The first thing is that you need first place to get attention.

But you will only get first place for one of your pieces of work – and the rest of your list, the backlist, still matters to build your credibility and conversion.

And while the winner brings people in through the door, it’s everything else that will get them to stay and convert them into paying customers.

Again, this is a phenomenon you see all over the place.

In the publishing industry, for example, it’s the initial book sales that makes reputations – as the publicity and attention get people to notice you.

But it’s the sales over time that make you a fortune.

Given that situation, what do we need to look for?

Look for models of how getting attention is done well

As part of this Getting Started book project I’m running experiments that can help support some of the suggestions made in these posts.

For example, one project that you may be considering is whether you should start a YouTube channel.

How would you go about looking for models of how this is done well in your sector – what people have done to get attention from others?

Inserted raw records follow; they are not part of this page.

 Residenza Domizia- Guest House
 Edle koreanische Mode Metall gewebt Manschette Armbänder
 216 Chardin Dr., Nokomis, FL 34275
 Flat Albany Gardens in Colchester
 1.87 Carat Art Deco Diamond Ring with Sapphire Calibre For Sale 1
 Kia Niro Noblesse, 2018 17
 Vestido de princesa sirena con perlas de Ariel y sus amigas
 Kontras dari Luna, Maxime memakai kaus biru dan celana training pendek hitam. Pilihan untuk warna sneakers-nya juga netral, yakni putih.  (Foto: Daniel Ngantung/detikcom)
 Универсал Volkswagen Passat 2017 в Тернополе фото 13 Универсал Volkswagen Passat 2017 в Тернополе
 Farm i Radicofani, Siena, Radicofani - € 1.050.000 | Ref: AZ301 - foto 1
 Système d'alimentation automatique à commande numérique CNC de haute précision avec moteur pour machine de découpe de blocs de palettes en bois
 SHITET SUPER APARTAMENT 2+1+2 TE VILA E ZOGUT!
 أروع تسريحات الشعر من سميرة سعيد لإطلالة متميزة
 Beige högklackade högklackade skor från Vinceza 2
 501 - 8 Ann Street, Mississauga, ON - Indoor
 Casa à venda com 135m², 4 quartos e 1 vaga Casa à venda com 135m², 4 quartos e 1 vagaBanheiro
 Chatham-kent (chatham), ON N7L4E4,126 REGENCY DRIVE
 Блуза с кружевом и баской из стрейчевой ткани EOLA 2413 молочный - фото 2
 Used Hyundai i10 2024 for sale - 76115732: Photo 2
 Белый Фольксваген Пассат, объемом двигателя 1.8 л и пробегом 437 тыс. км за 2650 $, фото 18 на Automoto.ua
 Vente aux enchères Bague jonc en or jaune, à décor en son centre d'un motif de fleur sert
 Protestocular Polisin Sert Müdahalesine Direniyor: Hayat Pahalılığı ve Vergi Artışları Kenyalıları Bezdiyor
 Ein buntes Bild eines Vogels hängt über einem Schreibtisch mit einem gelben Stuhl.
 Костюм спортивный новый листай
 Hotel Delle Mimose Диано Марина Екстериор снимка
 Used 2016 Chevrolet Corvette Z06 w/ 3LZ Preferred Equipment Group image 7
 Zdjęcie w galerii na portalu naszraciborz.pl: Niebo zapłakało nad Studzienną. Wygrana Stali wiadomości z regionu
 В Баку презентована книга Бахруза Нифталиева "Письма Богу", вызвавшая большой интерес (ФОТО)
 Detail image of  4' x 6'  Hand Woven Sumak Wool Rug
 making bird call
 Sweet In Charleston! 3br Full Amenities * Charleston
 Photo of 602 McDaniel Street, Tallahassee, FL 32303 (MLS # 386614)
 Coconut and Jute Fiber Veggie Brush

I started by doing a search for a term on Google and comparing the results on the “All” results tab and the “Videos” tab.

You get around 6 million hits for the term on the All page and around 550,000 on the videos page.

This first term is fairly technical so I put in a non-technical but also fairly specific term.

That had 440 million hits on the All page and 2 million hits on videos.

What this tells you is that the more technical the subject the less competition there is.

The richer the content, in terms of adding images, audio and video to text, the less competition there is.

And the more detailed, useful and longer your content, the less competition there is.

When you do this you’ll end up with a much smaller universe of people who you might be in competition with – and then you have to look at what they do well.

And the chances are that they do the basics extremely well – they do the things that make life easier for their viewers and audience.

As you look at each one take notes of the elements that you think they do well, the things you notice.

I like doing this on index cards or slips of paper for the first five or so results, because you notice different things each time you look at a video or page.

If you have notes on separate cards, you can then spread them out and see what elements are common, what are the things these successful pages or videos do well?

And then you have to ask yourself whether this is a space in which you can compete.

If you think you can do something differently, combine your skills to create value in a way that isn’t being done already, then you may have discovered a niche.

If the field is dominated by a small number of very well-known people then you’re going to find it harder to get attention – but if you keep researching and digging you’ll probably eventually find a niche that has space for you.

And then you have to make that niche your own, so that the next time someone comes digging they take a look at what you’ve done and decided there is no point competing with you and go away to find their own niche.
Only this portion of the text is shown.